After being released with much fanfare in 2011, the product has been plagued with technical issues and whispers in the networking circles that it just plain doesn't work. At the very least, it's been a rocky launch. One of my sources says this is the major issue weighing down shares, but he thinks Juniper will fix the problem by plugging the next generation of chips into the box.
What does Juniper have to say about it? As usual, it claims better performance than Cisco. Enterprise marketing director Abner Germanow told me Juniper's new line of switches will offer superior performance for datacenters, where much of the growth in networking is happening. "The compute architecture has changed -- they are virtualized. We have moved to a pooled" model of computing.
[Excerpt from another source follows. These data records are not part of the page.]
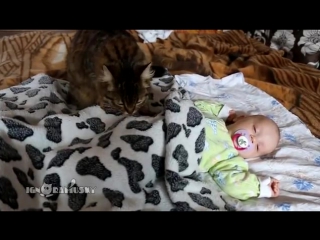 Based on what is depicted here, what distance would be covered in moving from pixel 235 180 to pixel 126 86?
49cm

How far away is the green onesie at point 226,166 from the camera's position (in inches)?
49.0

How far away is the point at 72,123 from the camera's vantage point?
51.9 inches

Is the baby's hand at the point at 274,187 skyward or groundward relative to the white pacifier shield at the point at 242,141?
groundward

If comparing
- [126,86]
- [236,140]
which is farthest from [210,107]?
[126,86]

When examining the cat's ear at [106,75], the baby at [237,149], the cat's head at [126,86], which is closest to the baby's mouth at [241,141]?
the baby at [237,149]

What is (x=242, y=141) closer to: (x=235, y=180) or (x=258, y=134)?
(x=258, y=134)

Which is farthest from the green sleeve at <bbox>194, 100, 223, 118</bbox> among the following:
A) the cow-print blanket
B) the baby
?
the cow-print blanket

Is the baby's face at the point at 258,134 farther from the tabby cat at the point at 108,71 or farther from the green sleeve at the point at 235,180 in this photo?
the tabby cat at the point at 108,71

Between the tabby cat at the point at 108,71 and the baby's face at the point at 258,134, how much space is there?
13.6 inches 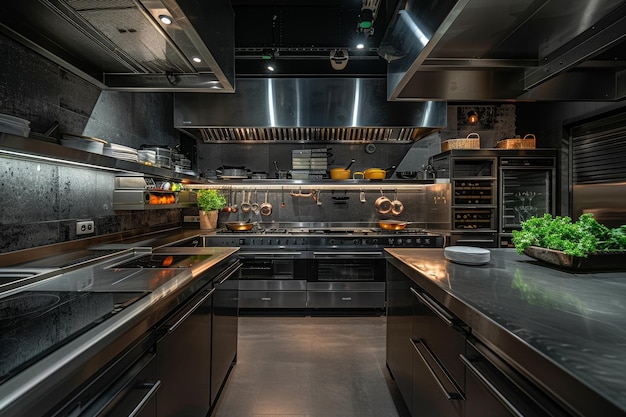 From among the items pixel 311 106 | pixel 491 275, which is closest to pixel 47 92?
pixel 311 106

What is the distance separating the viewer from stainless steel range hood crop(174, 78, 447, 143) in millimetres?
3396

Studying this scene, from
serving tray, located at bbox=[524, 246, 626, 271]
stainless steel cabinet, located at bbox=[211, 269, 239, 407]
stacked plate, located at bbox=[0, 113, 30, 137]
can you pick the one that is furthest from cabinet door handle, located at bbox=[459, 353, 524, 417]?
Result: stacked plate, located at bbox=[0, 113, 30, 137]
Are you cloud computing newbies looking for a translation of "pooled compute"? Computing power is moving into mammoth, centrally located datacenters than can be accessed from afar by either corporate networks or consumers. This is cloud computing. Juniper says its architecture will excel in large datacenters, because it will allow network designers to tie together big switches in a more efficient way.
It's a good story, but it hinges largely on QFabric being successful. Juniper investors should watch the progress of QFabric carefully. If it gets patched up quickly, you could see Juniper shares bounce back quickly. Just a year ago, the stock was trading at nearly $40. Today it changed hands at $18.
Citrix eyes ADC market
This discussion of cloud computing and virtualization brings to mind Citrix Systems Inc. (Nasdaq: CTXS), one of the leaders in this space. But Citrix also has an interesting niche in the application delivery controller (ADC) market. Its NetScaler networking devices help businesses speed up the delivery of applications.
With the release of NetScaler 10, Citrix is hoping to step up its efforts in the ADC market, where F5 Networks Inc. (Nasdaq: FFIV) is the leader. Citrix product manager Steve Shah made the pitch that the NetScaler business is growing fast and is underappreciated. He also called F5 Networks a "one-trick pony" -- its largest and most successful product is its ADC line, whereas Citrix has several large, growing business lines.
Shah says industry analysts put the ADC total addressable market at about $2.5 billion, and it's clear that Citrix wants to grab a bigger piece of that.
That's a wrap from Vegas, where the lines are long and the pools are cool.